» What the task asks: The answer should contain only the lines from the beginning of the entries through the line that holds "Luisinha Oliveira em", given again exactly, with no pictures.

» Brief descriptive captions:
==================================================

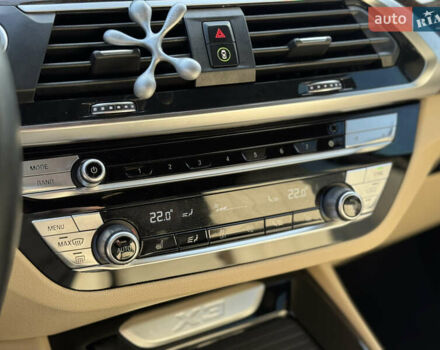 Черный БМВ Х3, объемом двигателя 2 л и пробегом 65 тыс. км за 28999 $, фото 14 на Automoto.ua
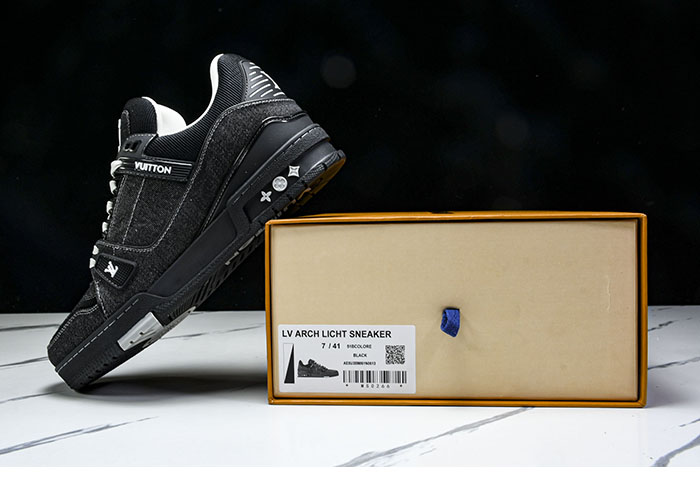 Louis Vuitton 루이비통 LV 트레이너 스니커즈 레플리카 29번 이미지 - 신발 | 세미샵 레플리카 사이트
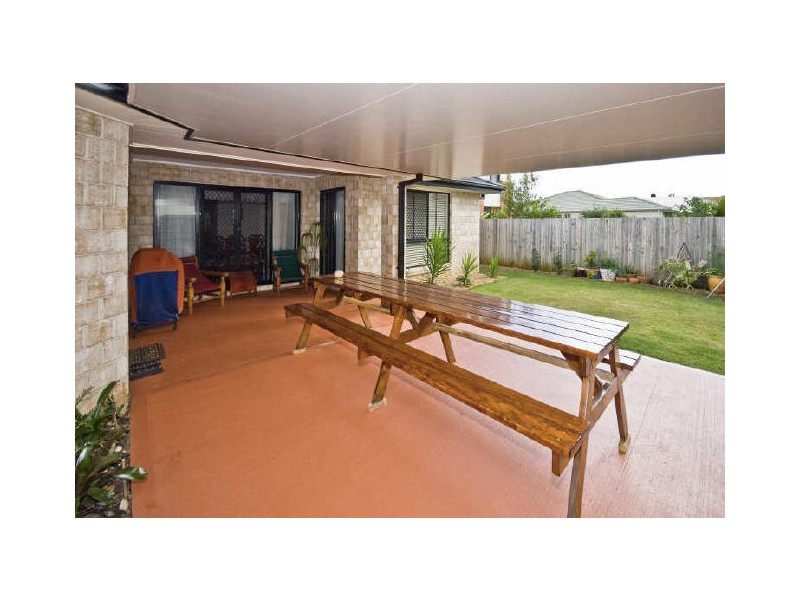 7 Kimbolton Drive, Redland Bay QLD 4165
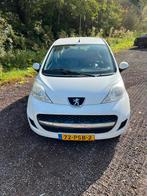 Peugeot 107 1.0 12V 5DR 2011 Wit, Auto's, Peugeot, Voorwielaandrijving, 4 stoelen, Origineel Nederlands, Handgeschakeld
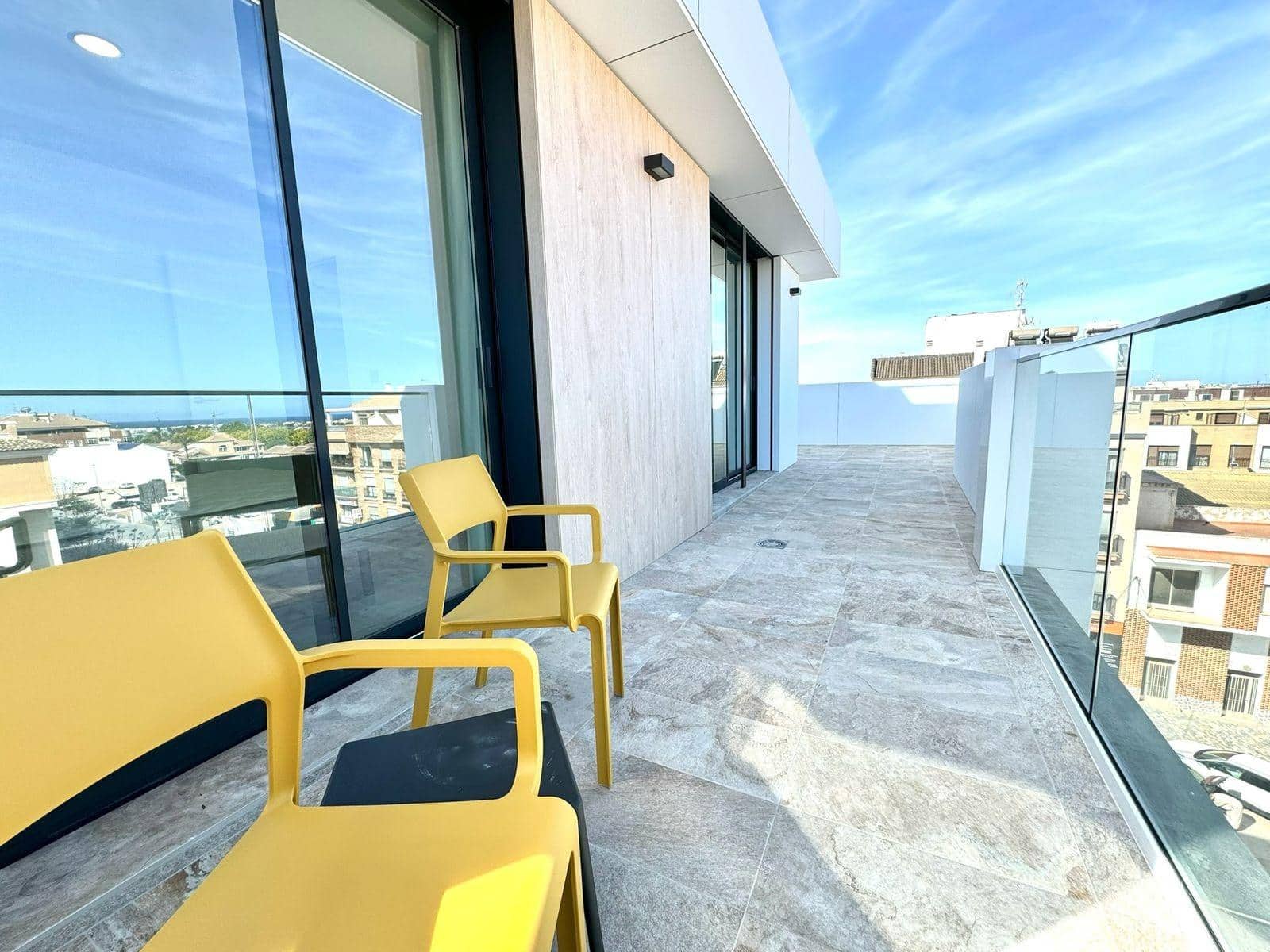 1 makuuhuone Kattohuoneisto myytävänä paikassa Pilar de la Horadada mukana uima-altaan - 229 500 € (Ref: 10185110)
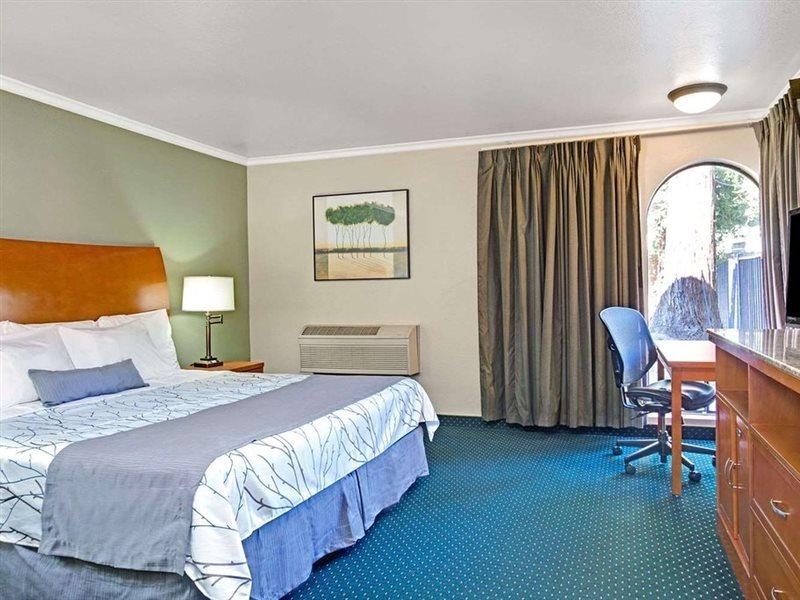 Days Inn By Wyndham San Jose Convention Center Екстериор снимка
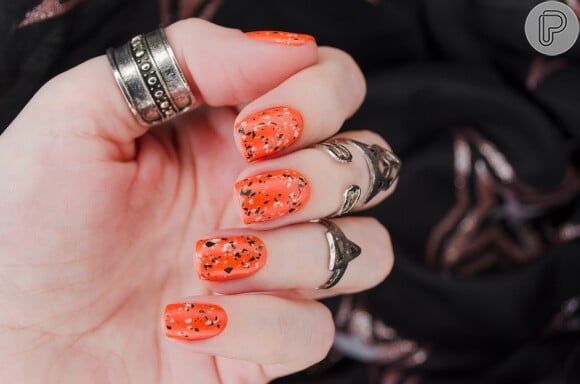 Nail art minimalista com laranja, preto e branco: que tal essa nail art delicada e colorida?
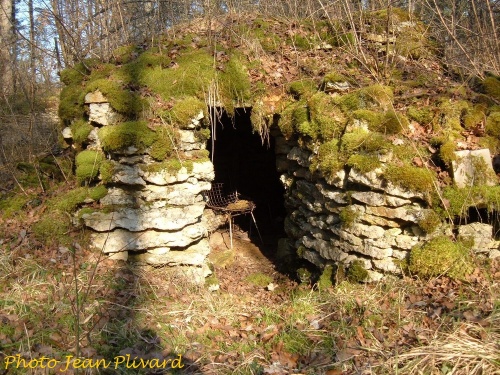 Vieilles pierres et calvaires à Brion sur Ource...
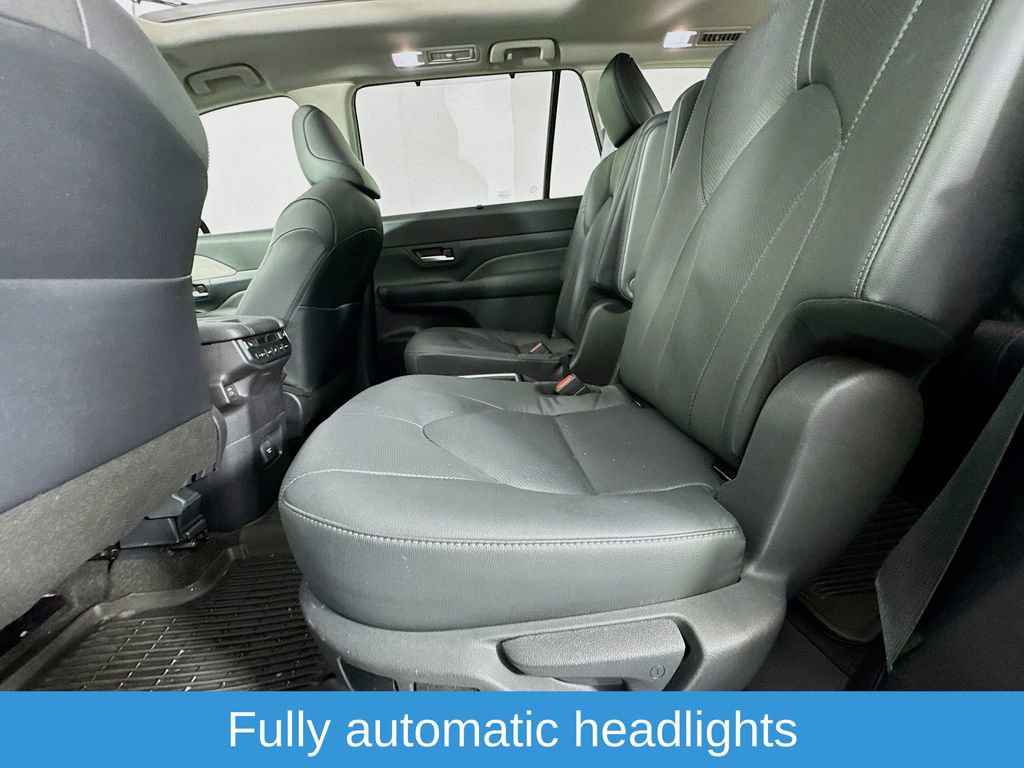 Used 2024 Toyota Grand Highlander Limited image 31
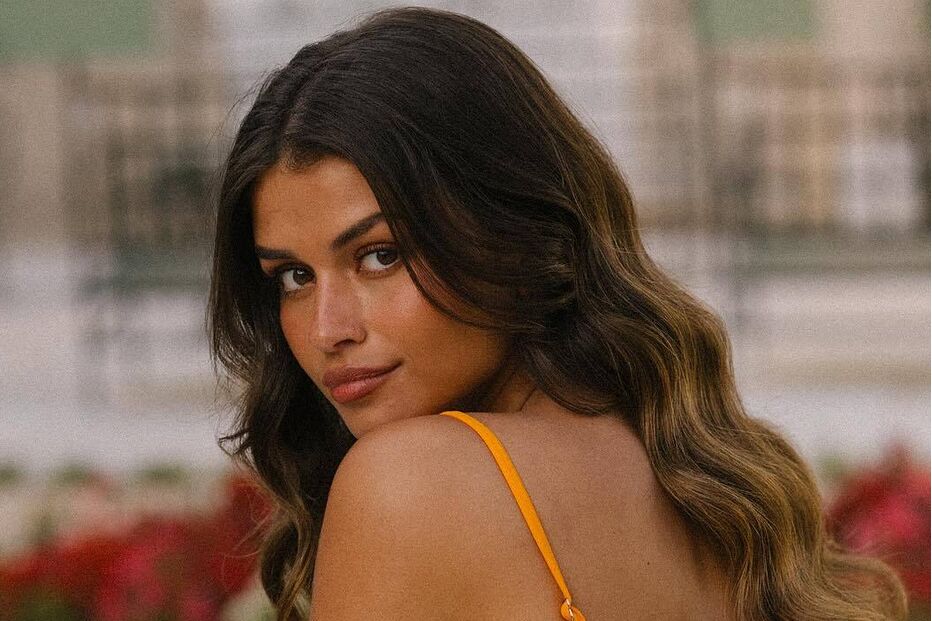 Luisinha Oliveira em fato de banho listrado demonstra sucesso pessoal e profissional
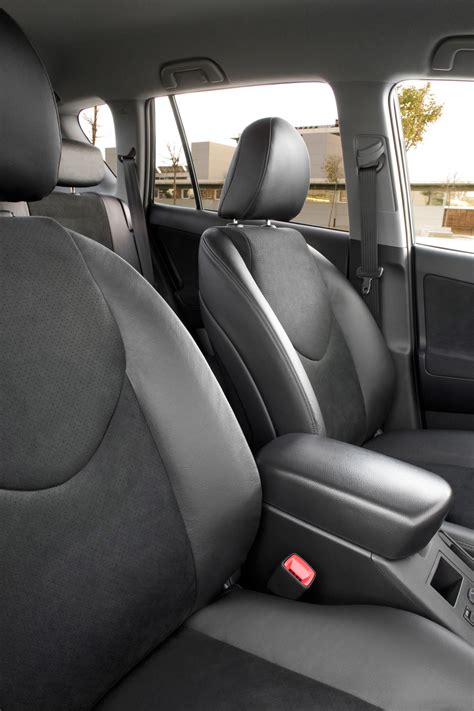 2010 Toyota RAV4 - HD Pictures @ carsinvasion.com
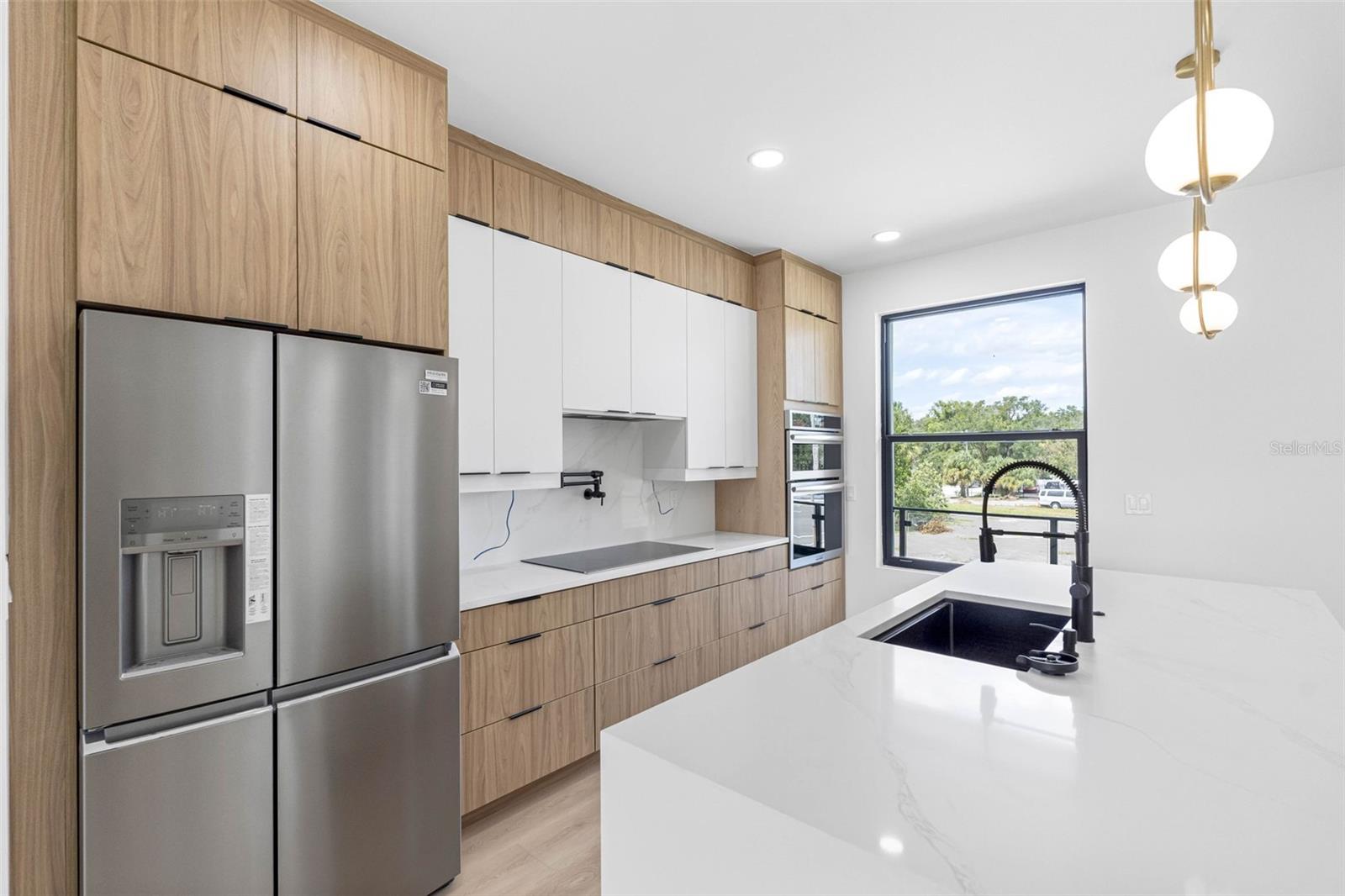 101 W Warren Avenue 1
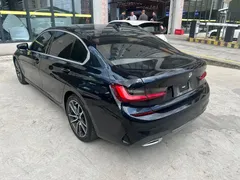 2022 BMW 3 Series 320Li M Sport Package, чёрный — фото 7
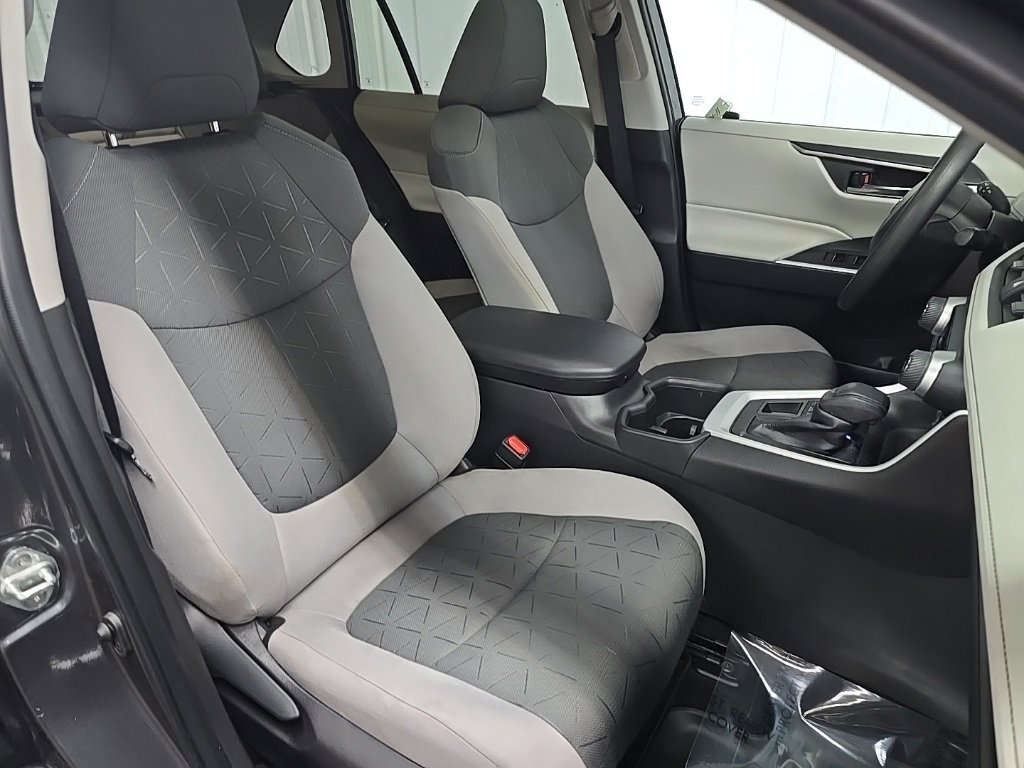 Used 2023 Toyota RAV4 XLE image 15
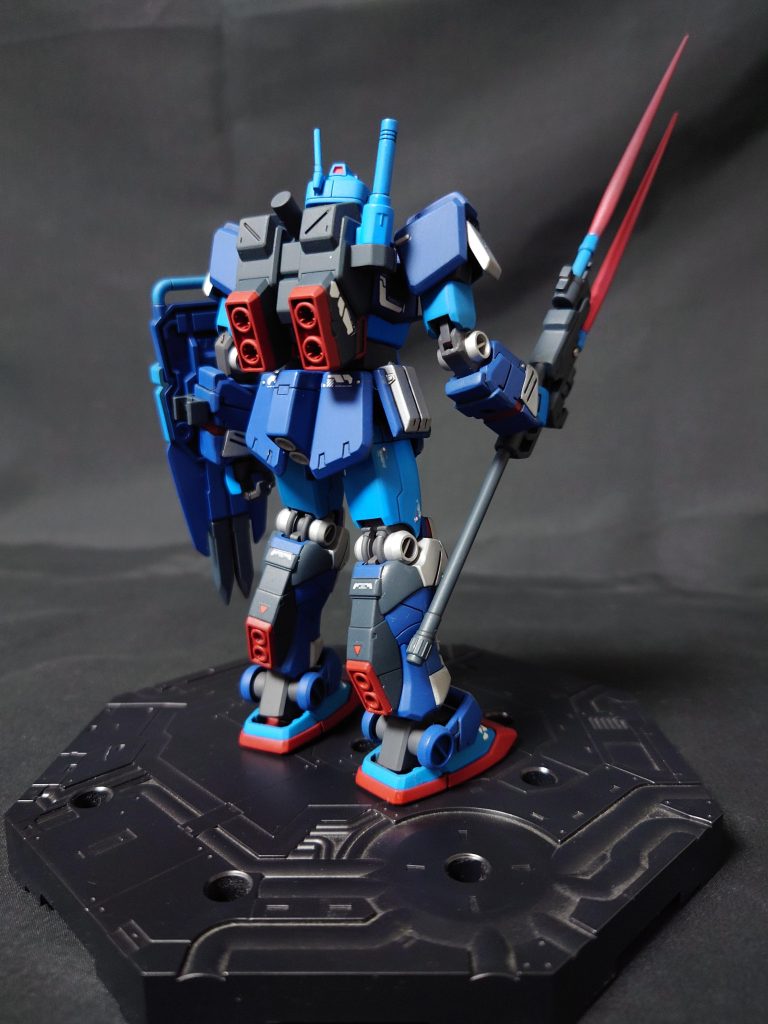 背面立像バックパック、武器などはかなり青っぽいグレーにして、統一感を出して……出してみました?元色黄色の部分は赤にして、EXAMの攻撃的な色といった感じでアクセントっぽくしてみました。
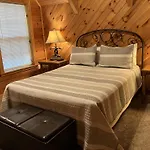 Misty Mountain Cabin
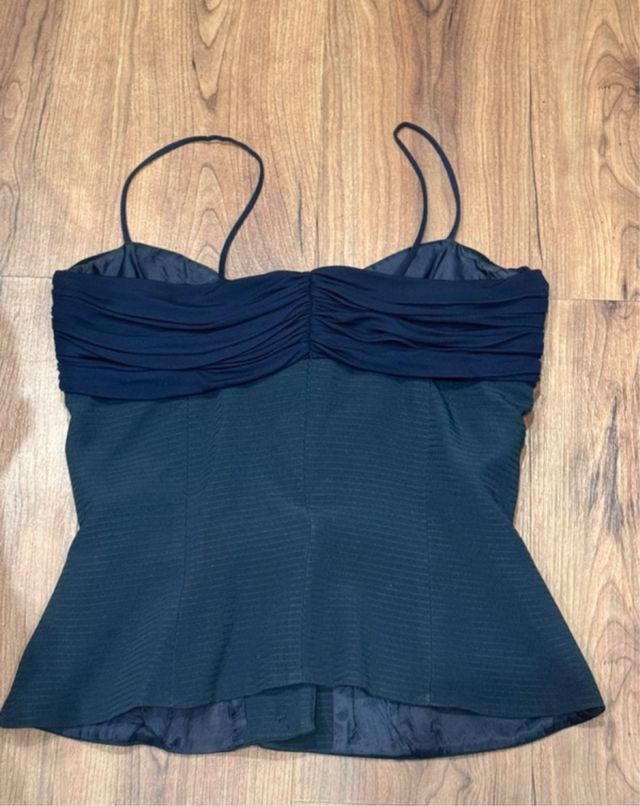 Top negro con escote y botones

==================================================

» Answer section:
 Черный БМВ Х3, объемом двигателя 2 л и пробегом 65 тыс. км за 28999 $, фото 14 на Automoto.ua
 Louis Vuitton 루이비통 LV 트레이너 스니커즈 레플리카 29번 이미지 - 신발 | 세미샵 레플리카 사이트
 7 Kimbolton Drive, Redland Bay QLD 4165
 Peugeot 107 1.0 12V 5DR 2011 Wit, Auto's, Peugeot, Voorwielaandrijving, 4 stoelen, Origineel Nederlands, Handgeschakeld
 1 makuuhuone Kattohuoneisto myytävänä paikassa Pilar de la Horadada mukana uima-altaan - 229 500 € (Ref: 10185110)
 Days Inn By Wyndham San Jose Convention Center Екстериор снимка
 Nail art minimalista com laranja, preto e branco: que tal essa nail art delicada e colorida?
 Vieilles pierres et calvaires à Brion sur Ource...
 Used 2024 Toyota Grand Highlander Limited image 31
 Luisinha Oliveira em fato de banho listrado demonstra sucesso pessoal e profissional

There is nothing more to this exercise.